─── Available data

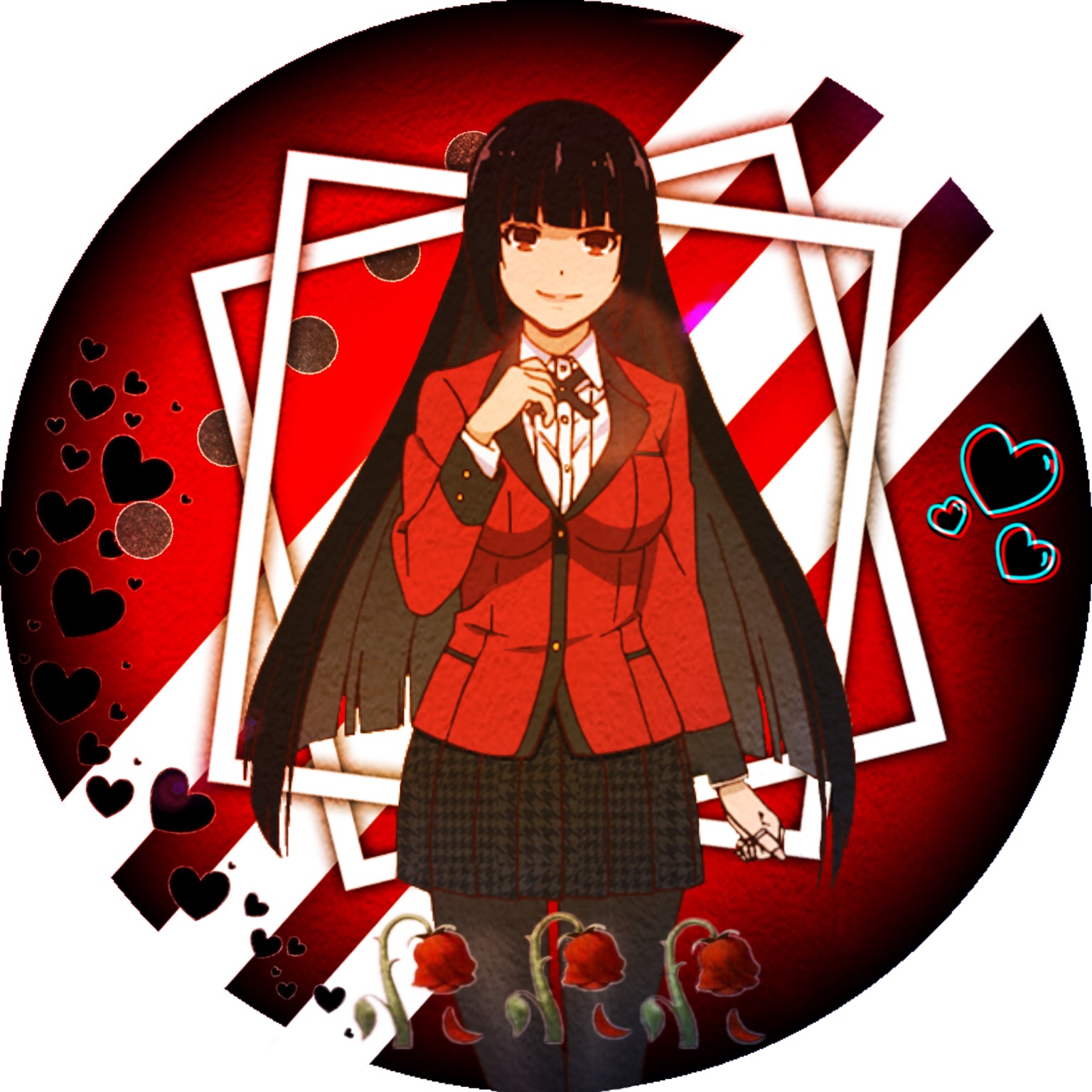 Yumiko Kakegurui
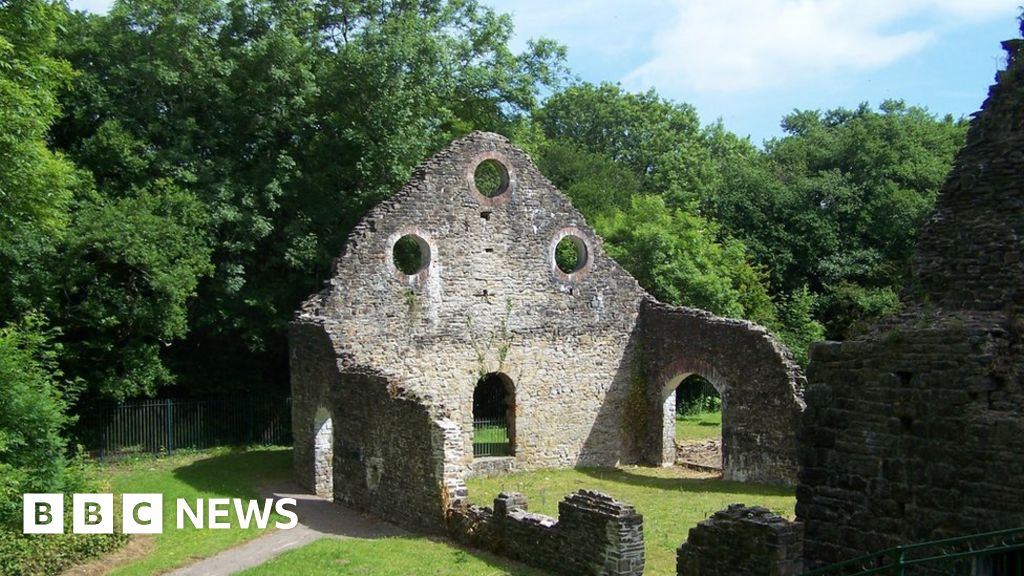 Bridgend ironworks damaged by vandals twice in a month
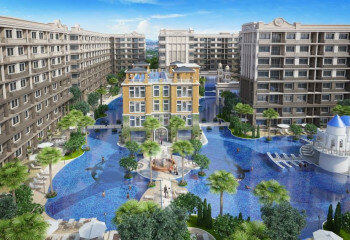 Кондоминиум в Паттайе, Таиланд | THE540512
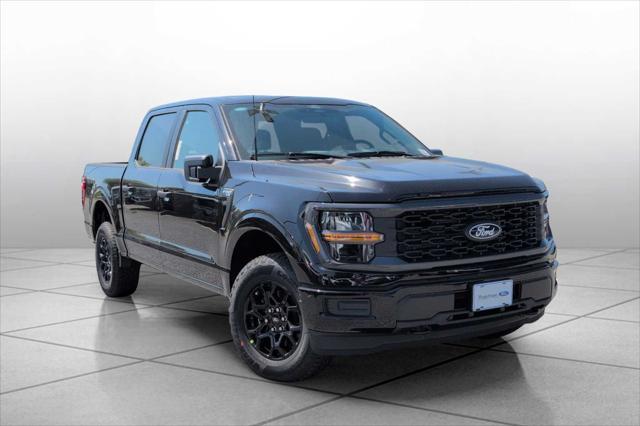 new 2025 Ford F-150 car, priced at $47,035
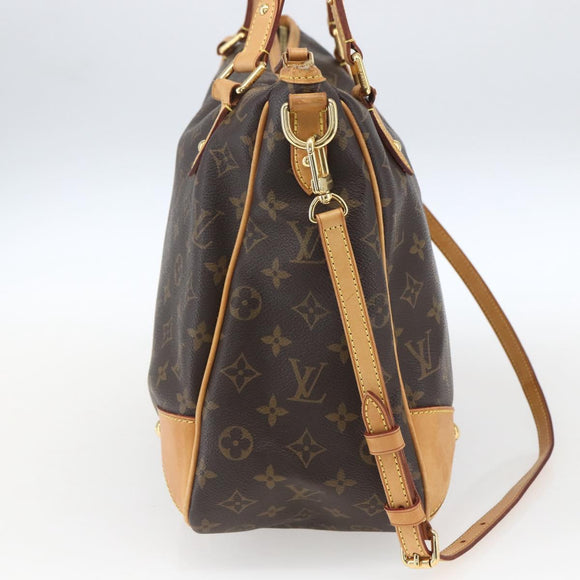 LOUIS VUITTON Monogram Estrella MM Tote Bag M41232 LV Auth ep12801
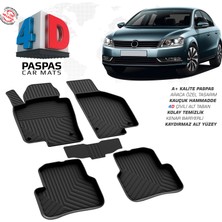 Fa Otomotiv Volkswagen Passat 4d Havuzlu Paspas 2011 Model ve Sonrası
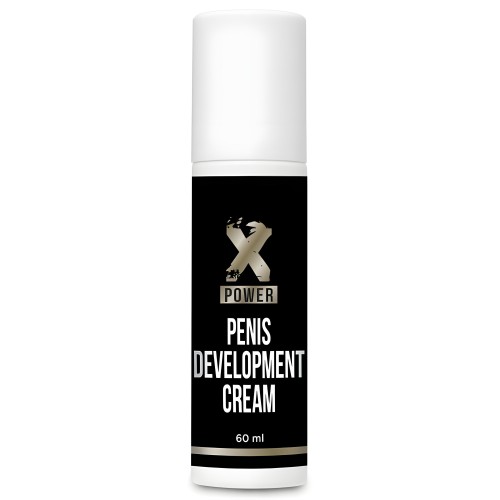 Xpower Penis Development Cream 60ml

──────

Assignment: The entries are to be restated word for word, and no picture should appear in the copy.

Your solution:
 Yumiko Kakegurui
 Bridgend ironworks damaged by vandals twice in a month
 Кондоминиум в Паттайе, Таиланд | THE540512
 new 2025 Ford F-150 car, priced at $47,035
 LOUIS VUITTON Monogram Estrella MM Tote Bag M41232 LV Auth ep12801
 Fa Otomotiv Volkswagen Passat 4d Havuzlu Paspas 2011 Model ve Sonrası
 Xpower Penis Development Cream 60ml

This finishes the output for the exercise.